Mi favorita, sin embargo, es la que interpreta Dexter Gordon en la película del mismo nombre:
Tumbáos a escucharla una noche de verano, a la luz de unas velas, o contemplando allá en lo alto la luna y las estrellas. Es toda una experiencia.

Mientras mis dedos regresaban una y otra vez al acorde de mi bemol menor, comprendí que sí hay una forma de pesar el ancla de la amistad. En la adolescencia tendemos a pensar que un amigo es alguien con quien uno tiene una afinidad especial, alguien que nos entiende mejor que nadie y con quien podemos compartir las ideas y emociones más íntimas. No diré que no, pero sólo con esos ingredientes el ancla no llega al fondo. Hace falta, además, un ingrediente a largo plazo indispensable: estar también cuando haces falta. ¿De qué sirven todas esas afinidades si, cuando más apurado estás, tu amigo se escabulle?
Por eso ahora tengo un concepto distinto de la amistad. En las horas difíciles, he descubierto que mis verdaderos amigos no eran los que yo suponía, sino otros que, siendo mucho más diferentes de mí, han sabido estar de verdad cuando los he necesitado. Eso es lo que yo más valoro en las relaciones humanas. Y, en eso, no pido más de lo que ofrezco.
En ese aspecto, las relaciones amorosas son muy semejantes a la amistad, sólo que con feromonas de por medio. La persona con quien te decides a compartir tu vida no ha de ser sólo aquella de la que te has enamorado, sino también aquella que está dispuesta a convivir y a arrimar el hombro. Antes del Romanticismo, la familia era algo bastante parecido a una empresa. Calisto y Melibea burlaron ese esquema, y fueron castigados. Cuatro siglos después, a los protagonistas de la película El Graduado les sucedía exactamente lo contrario.
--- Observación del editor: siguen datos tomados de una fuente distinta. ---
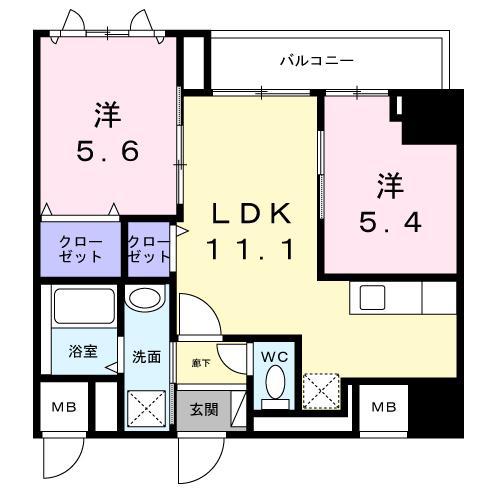 ザ・グラン キース(2LDK/4階)の間取り写真
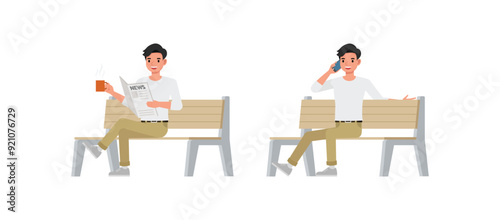 Men wear white shirt character set. Man sitting, drinking coffee, reading newspaper. Vector illustration cartoon design.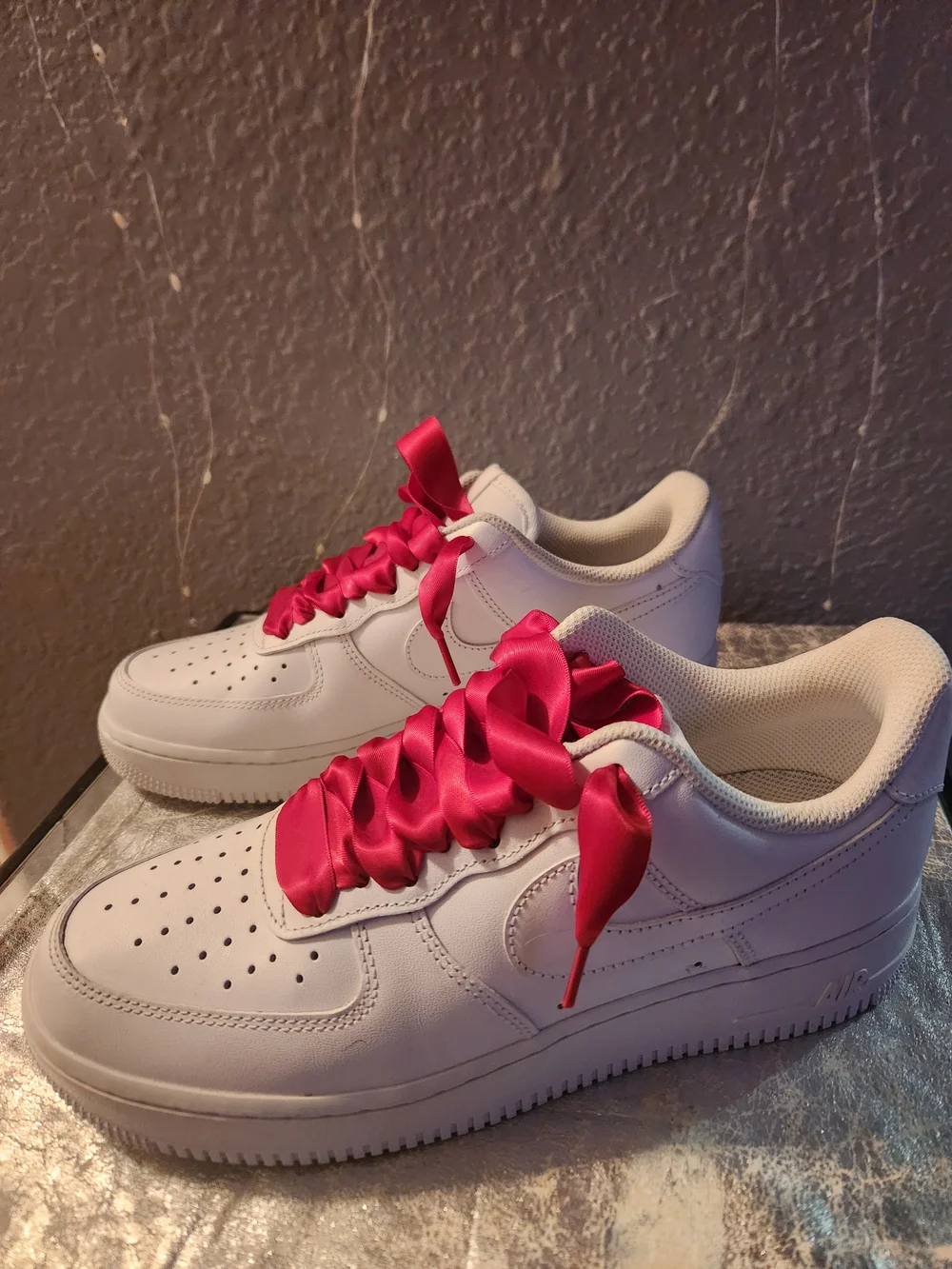 Nike White Air Force 1s with Red Satin Ribbon Laces
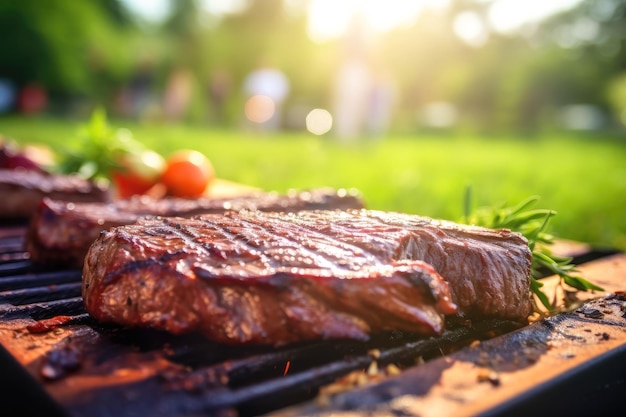 Delicious roasted steak cooking on a flaming barbecue grill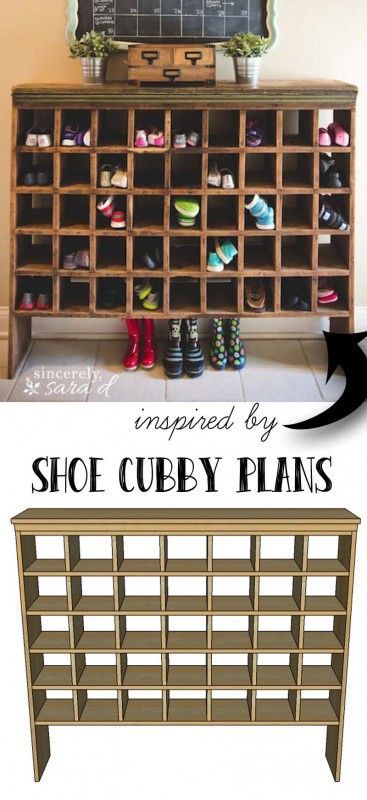 Inspired by a vintage mail sorter, this DIY shoe cubby is the perfect piece of furniture to help you wrangle shoes. Free plans to build your own! Rak Sepatu Diy, Free Building Plans, Diy Shoe Storage, Shoe Cubby, Mail Sorter, Diy Shoe Rack, Diy Shoe, Building Plans, Mud Room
Pero esto es en Occidente. En muchos países son todavía los padres quienes deciden el matrimonio de sus hijos. Los padres tienen más experiencia y, por lo tanto, se les supone un mejor criterio. Que yo sepa, nadie ha hecho aún un estudio comparativo de los niveles de éxito y fracaso de esa vieja fórmula respecto de la occidental. A la vista de cómo está la institución familiar en este lado del mundo, ¿puedo apostar a que el índice de fracasos no será superior al de nuestros matrimonios, tan vehementemente libres y "románticos"?

En realidad, tanto da. Porque un solo fracaso entre un millón bastaría para amargarte la existencia si te toca a ti. La vida es como un barco, y nosotros no podemos apartar o deshacer las tempestades a nuestro antojo. Es duro a veces, sí, pero un buen piloto tiene que saber siempre cambiar de rumbo para ponerse a salvo.